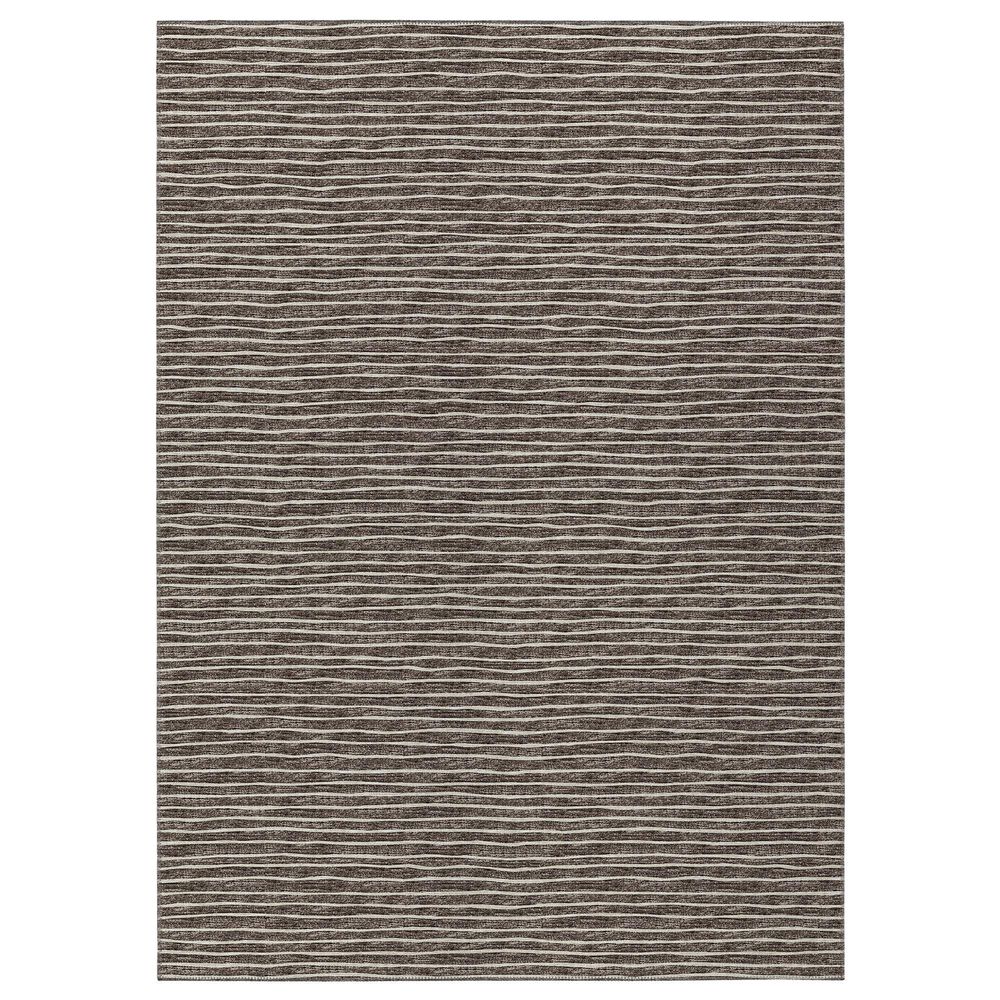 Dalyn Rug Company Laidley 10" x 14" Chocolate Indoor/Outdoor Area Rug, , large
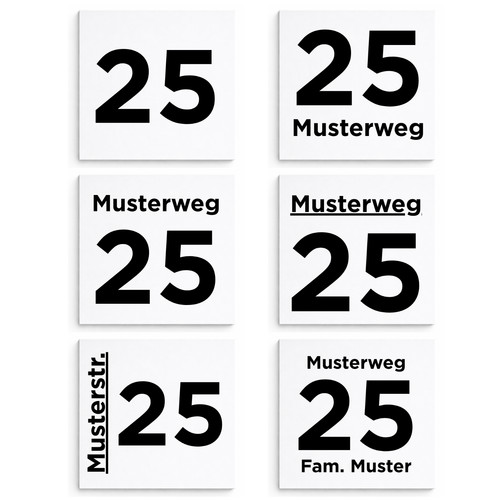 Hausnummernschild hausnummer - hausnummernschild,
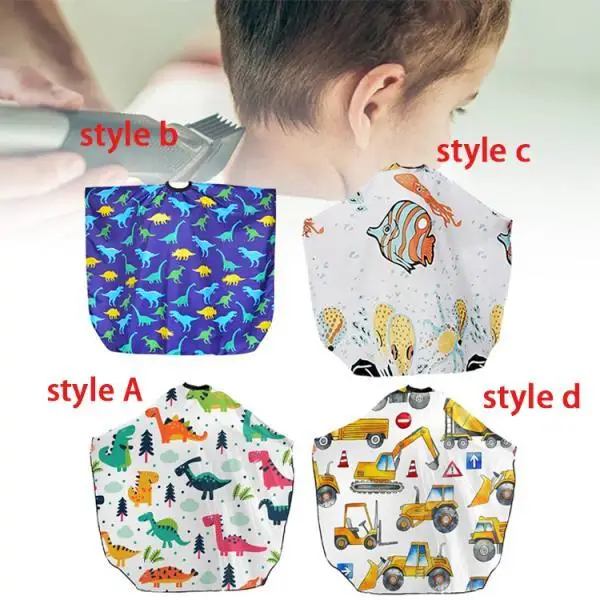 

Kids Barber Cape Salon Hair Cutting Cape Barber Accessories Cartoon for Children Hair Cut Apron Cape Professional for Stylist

◆ ◆ ◆ ◆ ◆ ◆ ◆

Your objective: Pictures in the listing above must be skipped; everything else should be copied exactly.

Answer space:
 Dalyn Rug Company Laidley 10" x 14" Chocolate Indoor/Outdoor Area Rug, , large
 Hausnummernschild hausnummer - hausnummernschild,

Kids Barber Cape Salon Hair Cutting Cape Barber Accessories Cartoon for Children Hair Cut Apron Cape Professional for Stylist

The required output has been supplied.